The 39-year-old Project Consultant for the National Healthcare Group’s father was diagnosed with dementia in 2009. His mother was battling cancer during that time, and when his father started to forget the clinics they needed to go to, Daniel decided to get him checked as well.
That was when they discovered his dementia.
“My mum was going through chemo at the time, so my father acted as his patriarchal role and played down his own dementia,” said Daniel. “At that point of time there wasn’t enough resources to even educate us what dementia is all about.”
Daniel’s father was diagnosed with dementia while his mother was going through chemotherapy in 2009. Photo: Daniel Lim
DIFFICULT TIMES
The initial years were difficult for Daniel as he and his mother had to adapt to the fact that his father was changing.
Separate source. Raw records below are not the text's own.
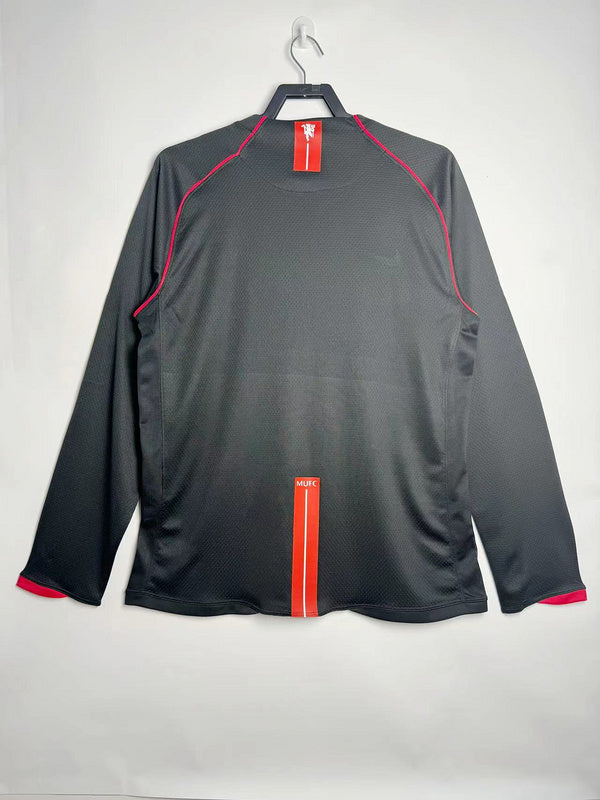 Manchester United 2007-08 Retro - Away (Black, Long Sleeves)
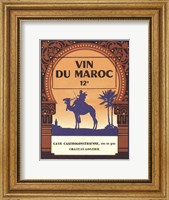 Framed Morocco's Wine Label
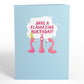 Flamazing Birthday Flamingo Pop-Up Card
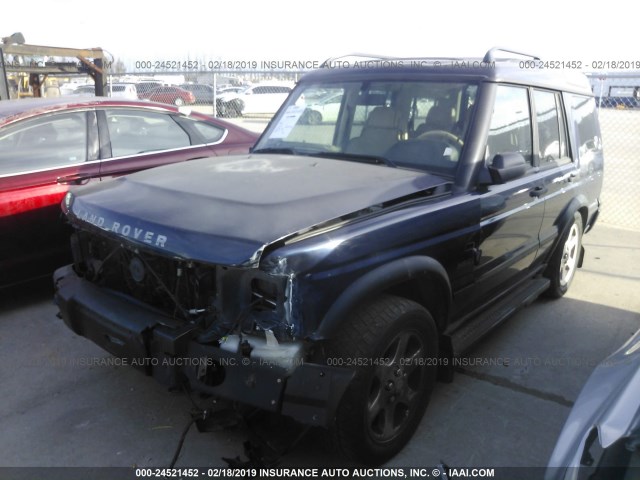 SALTR16463A804989 - 2003 LAND ROVER DISCOVERY II HSE Dark Blue photo 2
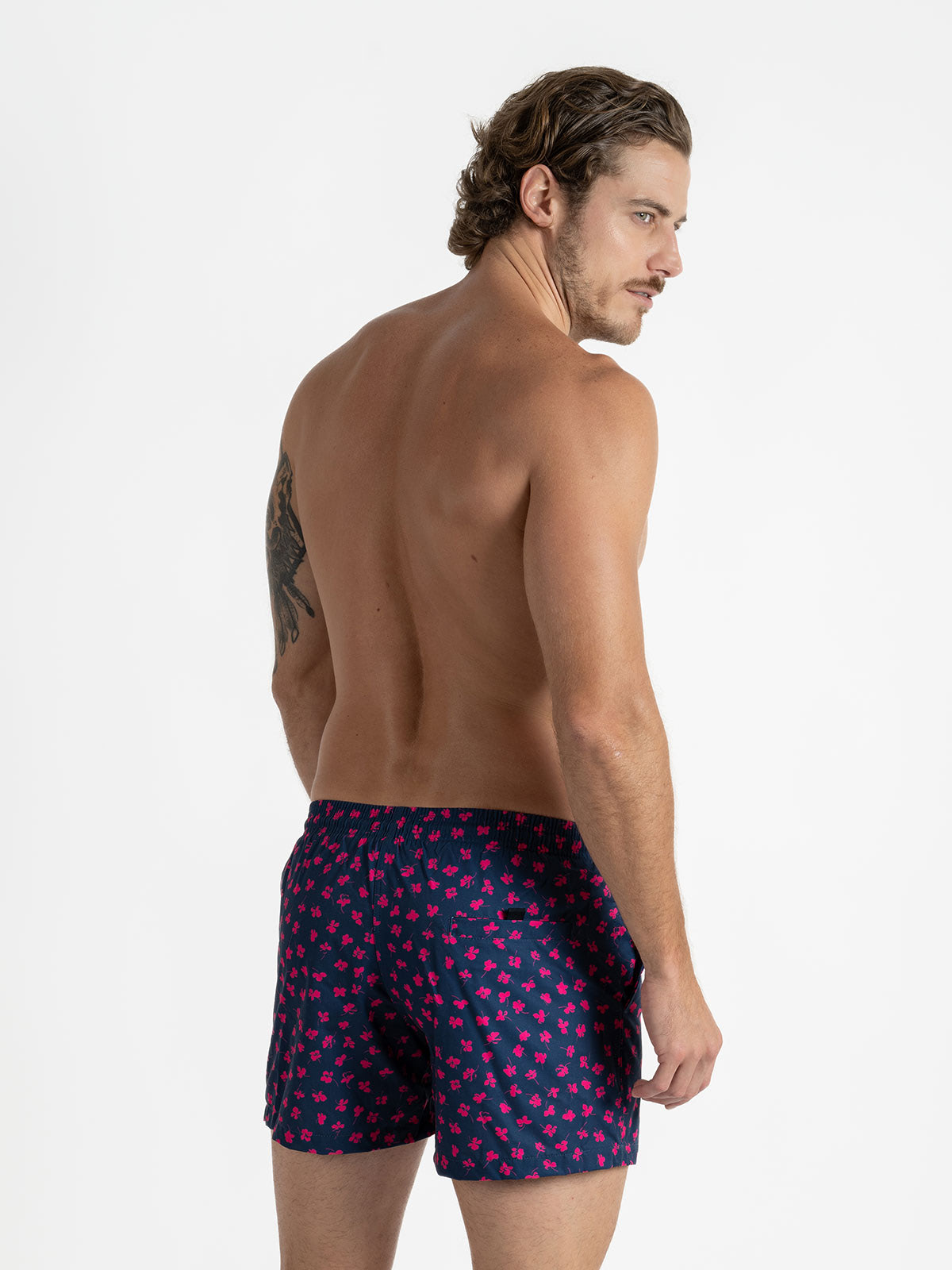 Traje de Baño para Hombre Secado Rápido - Premium Garden Pink - Premium Collection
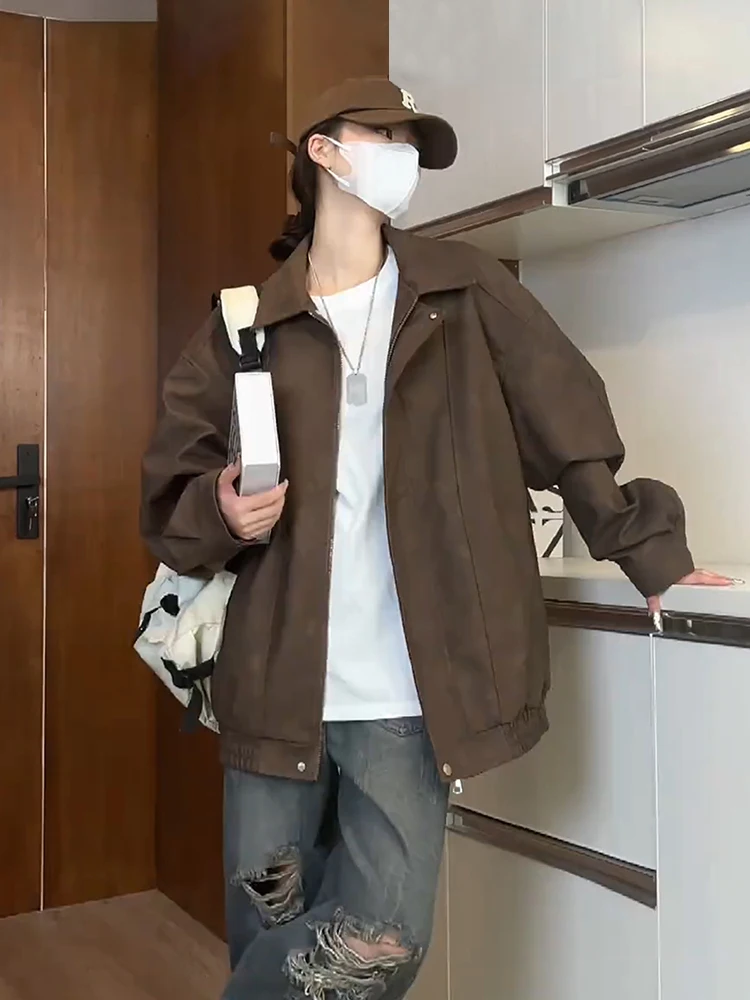 Retro American Brown Leather Jaet Men's Spring Autumn Cleanfit Padded oulder Flight Motorcycle ort Baseball Sle Coat
Retro American Brown Leather Jaet Men's Spring Autumn Cleanfit Padded oulder Flight Motorcycle ort Baseball Sle Coat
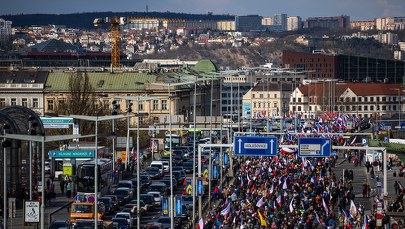 Kolejne protesty w Pradze. Krytykują wsparcie wojskowe dla Ukrainy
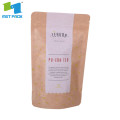 Mat printing Ziplock Top Tea Bag Packaging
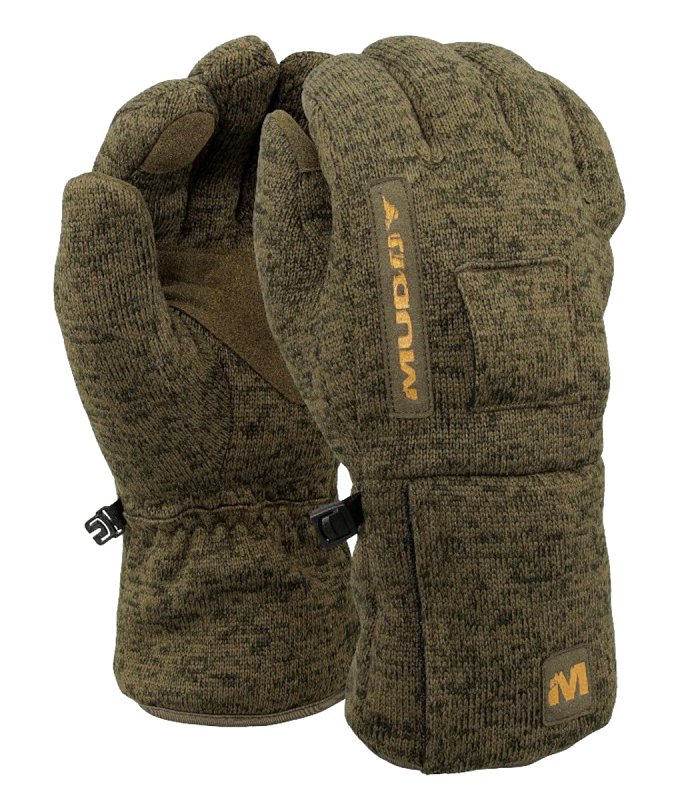 Muddy Nucleus Series HT-MGLV-CL-M Midweight Heated Gloves, M, Polyester, Brown Clay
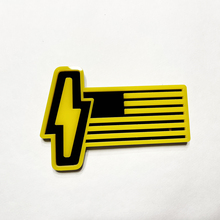 Ford 150 Lightning US Flag 3D Badge - Badge parafango personalizzato Emblema giallo e nero
 3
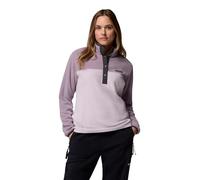 Columbia Benton Springs 1/2 Snap Pull Over 2, Pull Over in pile Donna, Perla Di Lavanda, Viola Scisto, Squalo, L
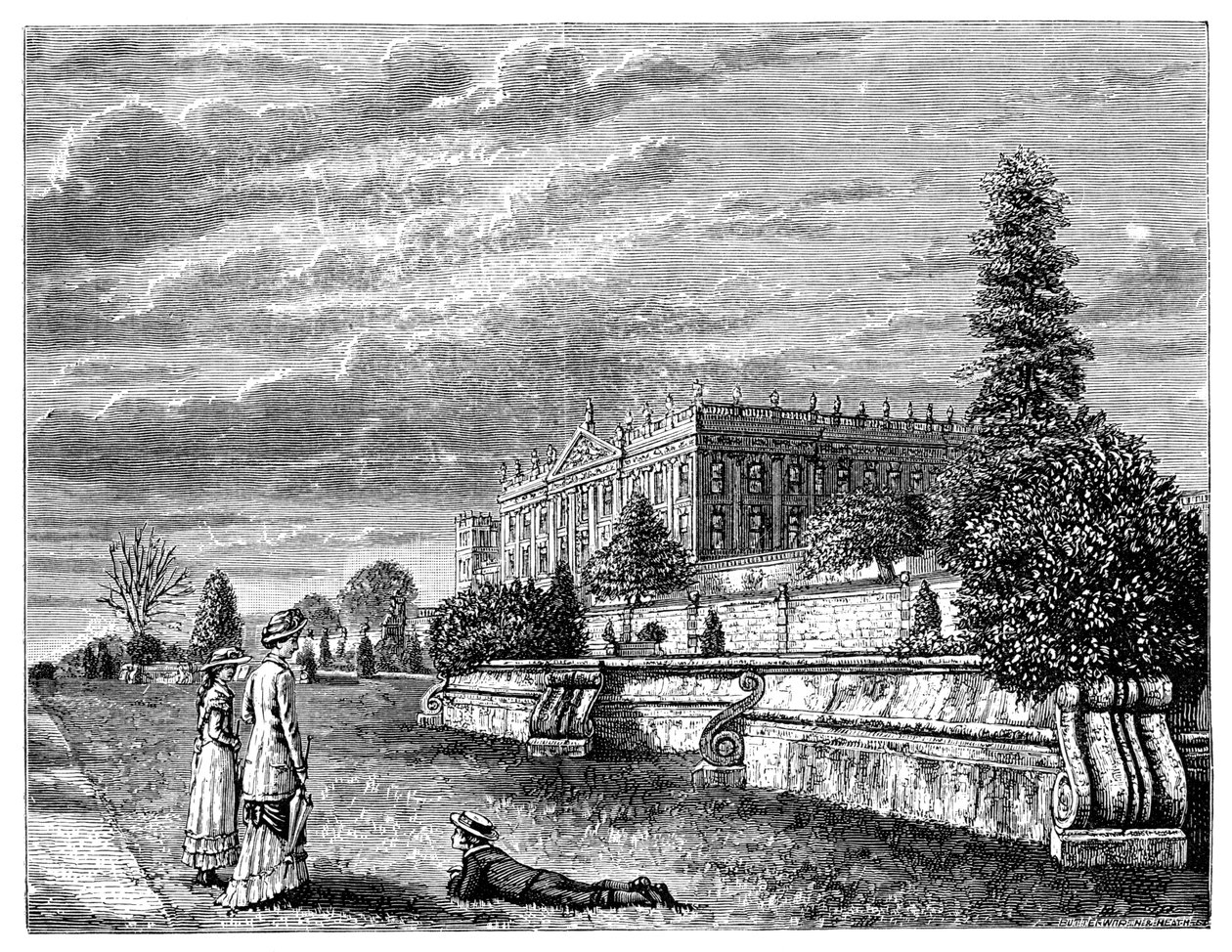 Chatsworth House lounaasta, 1900 tekijältä Unbekannt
As an only child, he did not have anyone to relate to in terms of his emotional challenge because he did not have anyone to talk to. “The first three years of the experience was trying to recognise and trying to deal with it, that the s*** has hit the roof.”
Daniel spent the next four years coming to terms with his father’s dementia and living with it so that his family’s environment would eventually normalise.
Despite having been over a decade since the diagnosis, Daniel still faces difficulties in caring for his father.
“In an emotional setting, it's very hard to negotiate a conversation where I say, ‘daddy, I have to clean your genitals’. But in the dignity and pride he has, he would never allow me to do that,” said Daniel. “Everyone showers on a daily basis, but if I have to have that conversation with him daily, it becomes a lot trickier for me.”
Thankfully, however, his mother is normally able to hold that conversation much more easily.
Still, it is just one of the challenges Daniel faces. “When he has a bad day, all of us have a bad day,” said Daniel. “If dad isn’t feeling himself, he sometimes becomes more verbally abusive, and when this happens, we know it’s not him, it’s the dementia.”
The ongoing pandemic has also been hard on Daniel and his family. Prior to the pandemic, Daniel has always followed a routine for his father. His mother would wake his father up at eight in the morning to get ready for the day. The daily routines would help keep his father engaged.
“We’re all creatures of habit. When you do these habits, the neurons in your brain are firing, and that’s what keeps [dad] lucid and alive for a longer period of time,” said Daniel.
A friend of Daniel’s, Danny Tan, is also a caregiver. He would often take his 87-year-old mother with dementia to interact with her neighbours.
“Being socially connected to the community is very important for people with dementia so that they feel that they are still a part of this society,” said Danny. “It's one aspect of not allowing them to deteriorate further, to have social connections. Even for people like you and me, we need to meet friends, let alone people with dementia.”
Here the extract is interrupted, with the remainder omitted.